Yellow-crowned night-herons (Nyctanassa violacea) are nocturnal and crepuscular herons identified by their large heads, thick bills, and bright yellow caps. These stocky birds reach lengths of 25 inches and have gray and white plumage with black crowns encircled by the bold yellow.

These herons nest high in trees near freshwater in colonies, often with other wading birds. They forage at dawn and dusk along wooded streams and wetlands, stalking prey like fish, crayfish, frogs, and aquatic insects. Their large eyes give them excellent night vision to hunt in low light when their prey is most active. Yellow-crowned night-herons winter farther south but return each spring to nest in wetland trees and thickets across Wyoming. Their loud, squawking calls can be heard from their nests on summer nights.

7. Snowy Egret

Snowy egrets (Egretta thula) are elegant white herons measuring around 2 feet tall, distinguished by their bright yellow feet and black bills and legs. These graceful birds have long neck plumes that drape behind them during breeding season in spring.

Snowy egrets forage in both freshwater and saltwater wetlands across Wyoming, stalking fish, insects, and crustaceans in shallow water. They often migrate south in winter but return each spring to breed in colonies with other wading birds, building stick nests in low trees or shrubs. These active hunters run and flap their wings to stir up prey while foraging. Conservation efforts helped rescue snowy egrets from the brink of extinction due to past hunting for their plumage. These striking herons remain common in wetlands across Wyoming and elsewhere thanks to protective laws.

8. Little Blue Heron

Little blue herons (Egretta caerulea) are petite, dark-colored herons that stand under 3 feet tall. Adults have slaty-blue plumage with darker wingtips, but juveniles are completely white.
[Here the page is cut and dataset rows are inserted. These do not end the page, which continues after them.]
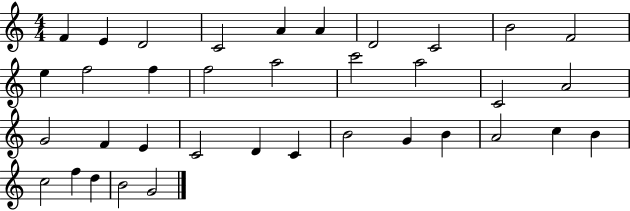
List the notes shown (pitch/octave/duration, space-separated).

F4/q E4/q D4/h C4/h A4/q A4/q D4/h C4/h B4/h F4/h E5/q F5/h F5/q F5/h A5/h C6/h A5/h C4/h A4/h G4/h F4/q E4/q C4/h D4/q C4/q B4/h G4/q B4/q A4/h C5/q B4/q C5/h F5/q D5/q B4/h G4/h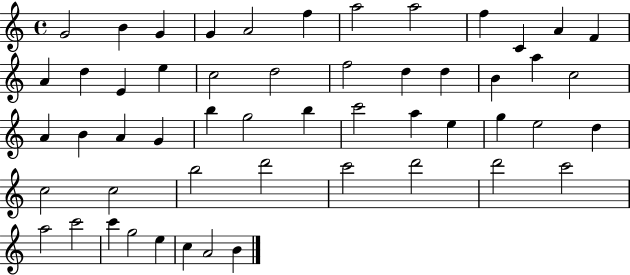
G4/h B4/q G4/q G4/q A4/h F5/q A5/h A5/h F5/q C4/q A4/q F4/q A4/q D5/q E4/q E5/q C5/h D5/h F5/h D5/q D5/q B4/q A5/q C5/h A4/q B4/q A4/q G4/q B5/q G5/h B5/q C6/h A5/q E5/q G5/q E5/h D5/q C5/h C5/h B5/h D6/h C6/h D6/h D6/h C6/h A5/h C6/h C6/q G5/h E5/q C5/q A4/h B4/q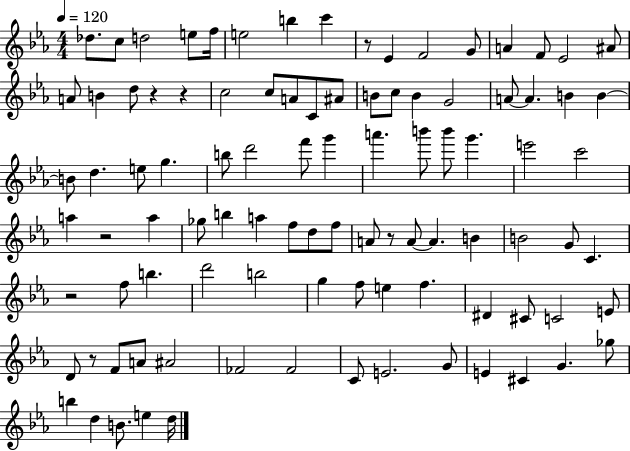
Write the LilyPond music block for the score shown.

{
  \clef treble
  \numericTimeSignature
  \time 4/4
  \key ees \major
  \tempo 4 = 120
  \repeat volta 2 { des''8. c''8 d''2 e''8 f''16 | e''2 b''4 c'''4 | r8 ees'4 f'2 g'8 | a'4 f'8 ees'2 ais'8 | \break a'8 b'4 d''8 r4 r4 | c''2 c''8 a'8 c'8 ais'8 | b'8 c''8 b'4 g'2 | a'8~~ a'4. b'4 b'4~~ | \break b'8 d''4. e''8 g''4. | b''8 d'''2 f'''8 g'''4 | a'''4. b'''8 b'''8 g'''4. | e'''2 c'''2 | \break a''4 r2 a''4 | ges''8 b''4 a''4 f''8 d''8 f''8 | a'8 r8 a'8~~ a'4. b'4 | b'2 g'8 c'4. | \break r2 f''8 b''4. | d'''2 b''2 | g''4 f''8 e''4 f''4. | dis'4 cis'8 c'2 e'8 | \break d'8 r8 f'8 a'8 ais'2 | fes'2 fes'2 | c'8 e'2. g'8 | e'4 cis'4 g'4. ges''8 | \break b''4 d''4 b'8. e''4 d''16 | } \bar "|."
}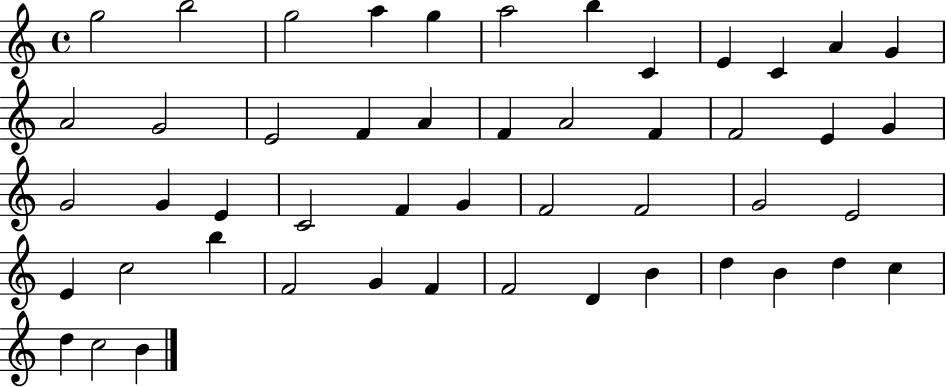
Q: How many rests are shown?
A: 0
These herons have thick, dagger-like bills adapted for spearing fish and other small prey in fresh and saltwater habitats.
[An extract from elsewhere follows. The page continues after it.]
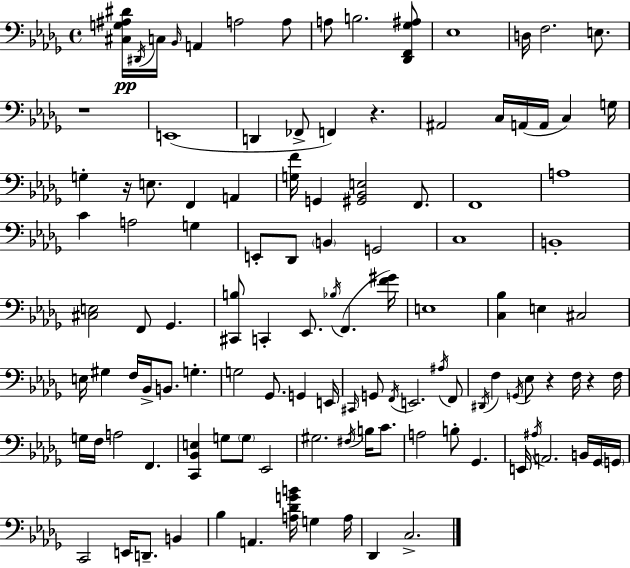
[C#3,G3,A#3,D#4]/s D#2/s C3/s Bb2/s A2/q A3/h A3/e A3/e B3/h. [Db2,F2,Gb3,A#3]/e Eb3/w D3/s F3/h. E3/e. R/w E2/w D2/q FES2/e F2/q R/q. A#2/h C3/s A2/s A2/s C3/q G3/s G3/q R/s E3/e. F2/q A2/q [G3,F4]/s G2/q [G#2,Bb2,E3]/h F2/e. F2/w A3/w C4/q A3/h G3/q E2/e Db2/e B2/q G2/h C3/w B2/w [C#3,E3]/h F2/e Gb2/q. [C#2,B3]/e C2/q Eb2/e. Bb3/s F2/q. [F4,G#4]/s E3/w [C3,Bb3]/q E3/q C#3/h E3/s G#3/q F3/s Bb2/s B2/e. G3/q. G3/h Gb2/e. G2/q E2/s C#2/s G2/e F2/s E2/h. A#3/s F2/e D#2/s F3/q G2/s Eb3/e R/q F3/s R/q F3/s G3/s F3/s A3/h F2/q. [C2,Bb2,E3]/q G3/e G3/e Eb2/h G#3/h. F#3/s B3/s C4/e. A3/h B3/e Gb2/q. E2/s A#3/s A2/h. B2/s Gb2/s G2/s C2/h E2/s D2/e. B2/q Bb3/q A2/q. [A3,Db4,G4,B4]/s G3/q A3/s Db2/q C3/h.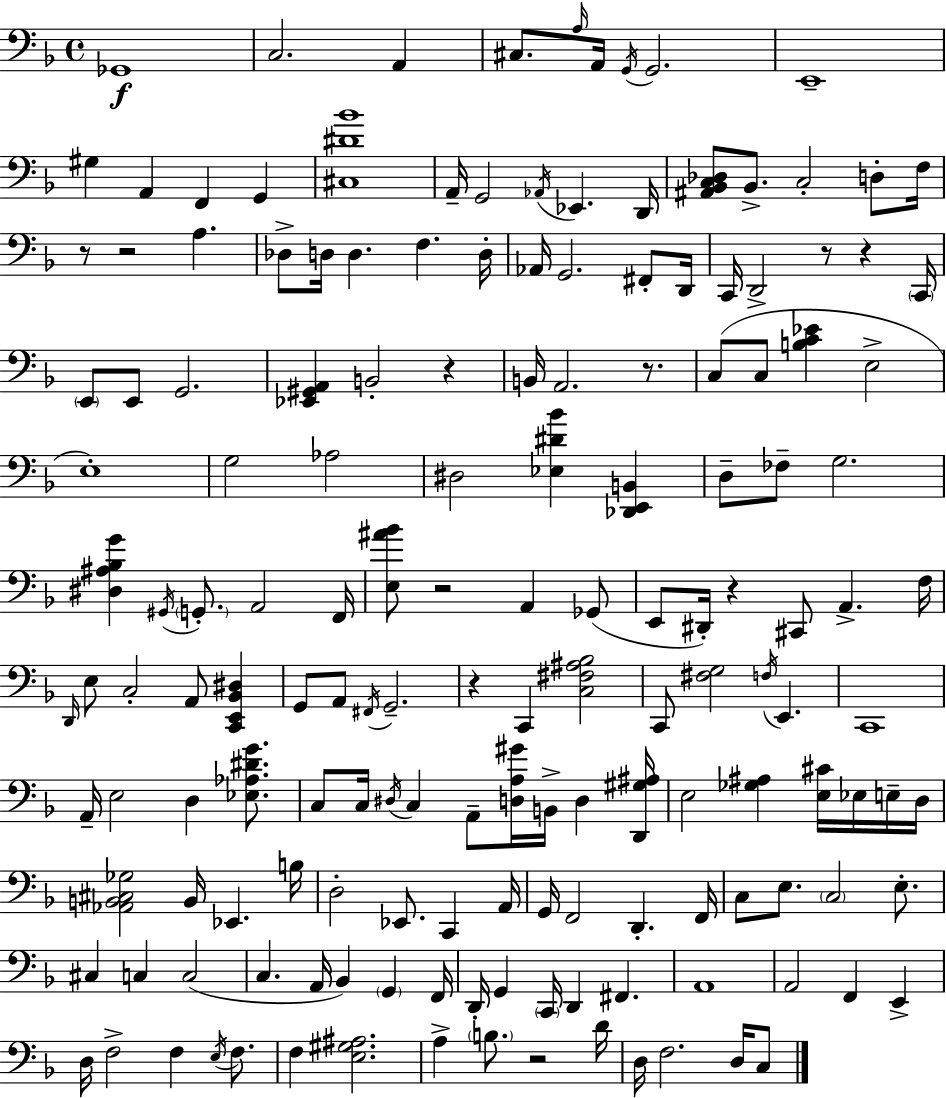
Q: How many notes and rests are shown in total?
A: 162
Little blue herons breed in colonies with other wading birds such as egrets and ibises, building stick nests in low trees or shrubs near water. They winter farther south, migrating through Wyoming in spring and fall. These herons stalk slowly through shallow wetlands hunting for small fish, frogs, crabs, and large insects. Though they look nearly white as juveniles, little blue herons molt into their distinctive blue and gray plumage after their second year. Their soft whistle calls can be heard coming from wetland colonies during the breeding season.